[Brief descriptive captions]
[Start of section]

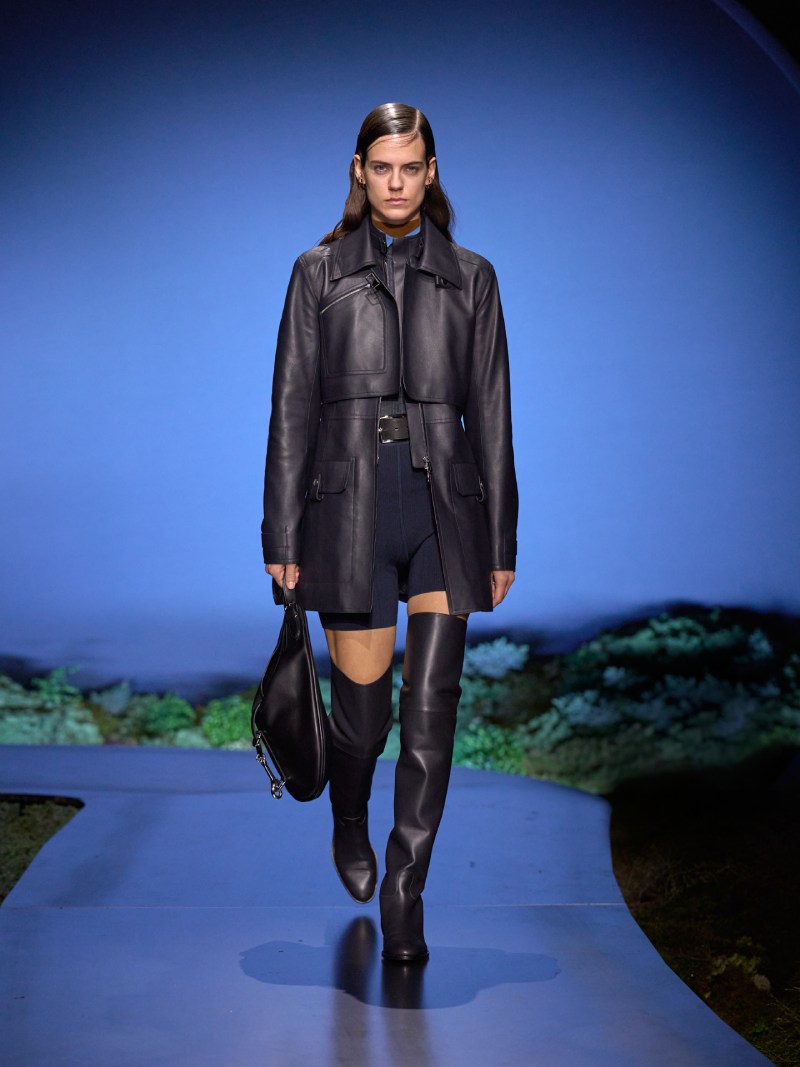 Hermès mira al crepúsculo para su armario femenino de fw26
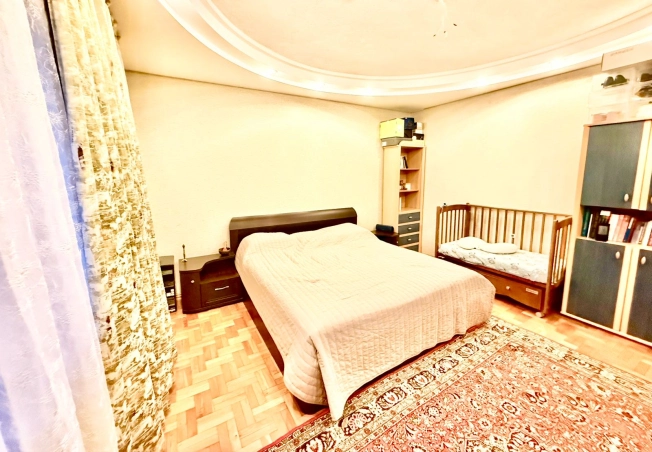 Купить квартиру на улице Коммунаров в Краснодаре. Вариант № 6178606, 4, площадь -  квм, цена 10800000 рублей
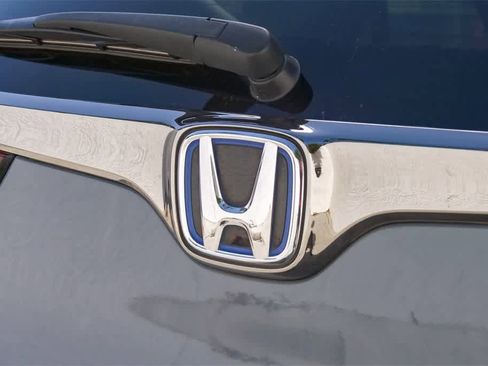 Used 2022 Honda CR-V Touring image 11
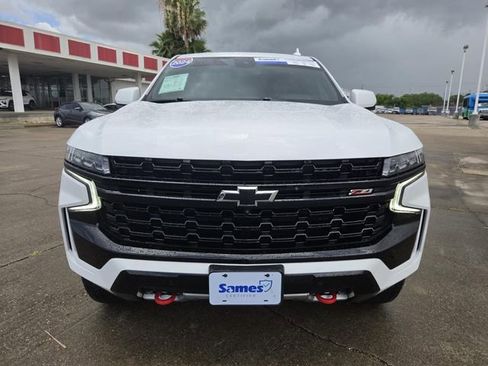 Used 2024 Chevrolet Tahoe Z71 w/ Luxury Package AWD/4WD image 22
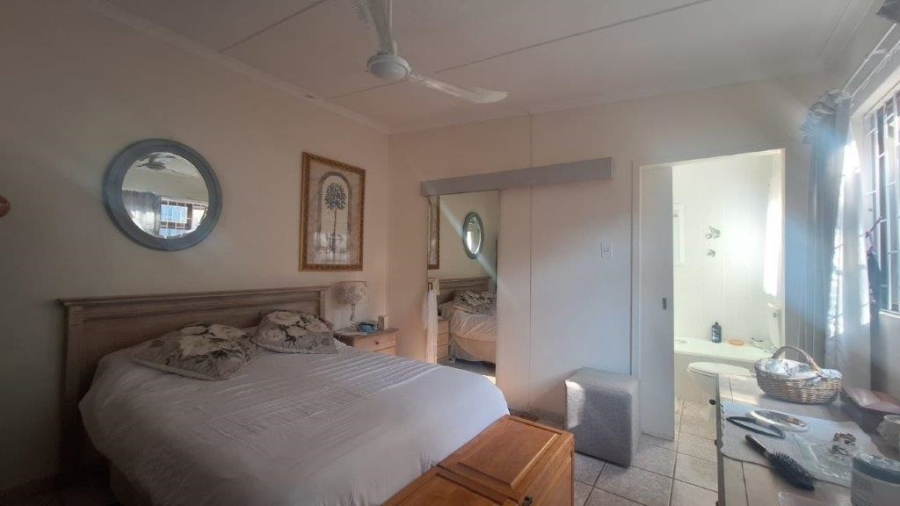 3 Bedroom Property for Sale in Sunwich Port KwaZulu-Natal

[End of section]

Although the records contain pictures, only the text should be copied, exactly as it stands.

 Hermès mira al crepúsculo para su armario femenino de fw26
 Купить квартиру на улице Коммунаров в Краснодаре. Вариант № 6178606, 4, площадь -  квм, цена 10800000 рублей
 Used 2022 Honda CR-V Touring image 11
 Used 2024 Chevrolet Tahoe Z71 w/ Luxury Package AWD/4WD image 22
 3 Bedroom Property for Sale in Sunwich Port KwaZulu-Natal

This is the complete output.